The mystery of the Moncalvo

Stolen paintings by Pablo Picasso and Piet Mondrian were recovered this week, following a police search that lasted nine years after they were removed from the National Gallery in Athens. However, another work of art swiped at the same time, a pen and sepia wash drawing by the 16th-century Italian artist Guglielmo Caccia, was not found. 

The 49-year-old man arrested for the 2012 heist claims that he destroyed it. During the preliminary inquiry he testified that he wiped his bloody hand with it while trying to escape from the gallery, hurriedly put it in his pocket and later threw it in a toilet to get rid if it. He also claimed that he never tried to sell his loot. In September 2019, however, an almost identical sketch appeared in the online catalogue of the Pandolfini auction house in Florence, raising reasonable questions about the mystery of the stolen Moncalvo, as Caccia is better known.

Italian art historian Serena D’Italia was the first to spot Moncalvo’s work “St Diego de Alcala in Ecstasy with the Holy Trinity and the Symbols of Passion,” at the Pandolfini auction and compared it to what had been stolen from the National Gallery. 

“The sketch has been somewhat ‘corrected,’ a poor-quality signature and stamp has been added, but many details, dark spots for example, are so similar that I am almost certain it is the same work,” the Italian expert told Kathimerini in an article published on November 26, 2020.

The work was to be auctioned off in October 2019, as lot number 96, without provenance and with the information that “it may be related to the production of drawings by the painter Guglielmo Caccia, known as Moncalvo (1568-1625).” The Italian expert informed Marilena Kasimati, a Greek art historian and curator of the National Gallery from 1984 to 2017, about her finding.

Kasimati confirmed to Kathimerini in 2020 that she was informed by her colleague and then the Ministry of Cultural Heritage in Turin that Moncalvo’s stolen sketch appeared on Pandolfini’s auction list on October 1, 2019.

“I’m almost certain that the work at the auction is the same as the one at the National Gallery, which, after the theft, underwent forgery, possibly even washing, to eliminate damage to the paper surface and for the purpose of creating confusion,” Kasimati also told Kathimerini in 2020.

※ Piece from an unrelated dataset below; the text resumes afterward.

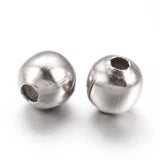 1000pcs 304 Stainless Steel Bead Spacers for DIY Jewelry Making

She noticed that at the bottom of the sketch, a fictitious “3B” had been added, as well as a supposed signature in black ink. She said then that she believed the forgery had been done with the help of a paper conservator, possibly Greek, after the theft.

Kasimati informed the leadership of the Ministry of Culture, telling them she was willing to travel to Italy herself to inspect the work.

However, the ministry told Kathimerini that it contacted Europe and Interpol and decided that it was not the same work as the stolen one, so no procedure was initiated to recover it. 

The National Gallery, which was responsible for verifying its authenticity, decided that it was not necessary at that time to send an expert to examine the work closely, because of “serious doubts” about its authenticity due to a small difference in size and some spots, as the director of the National Gallery, Marina Lambraki-Plaka, told the paper in November 2020. She said the issue was then raised with the gallery’s board, which agreed.

Digital analysis

After discussing the issue with lawyer and collector Stelios Garipis, art conservator Kalypso Kampani decided in March 2021 to conduct her own study. She digitally analyzed two images of the sketches, in collaboration with Dr Eric Postma, a professor of artificial intelligence at Tilburg University in the Netherlands, and found that they were almost identical. “The tiny differences between the two photos lies in the fact that they have been taken from a different height and angle and in different lighting,” says Kampani.

Postma, who specializes in detecting art forgeries through digital analysis, came to a similar conclusion. “The two images are to a large extent identical,” he told Kathimerini by telephone, adding that more detailed further research and the use of high-resolution photographs would be useful for complete identification. 

The sketch was withdrawn from the online auction in 2019, but Pandolfini did not respond to Kathimerini’s written questions about the work’s fate since then.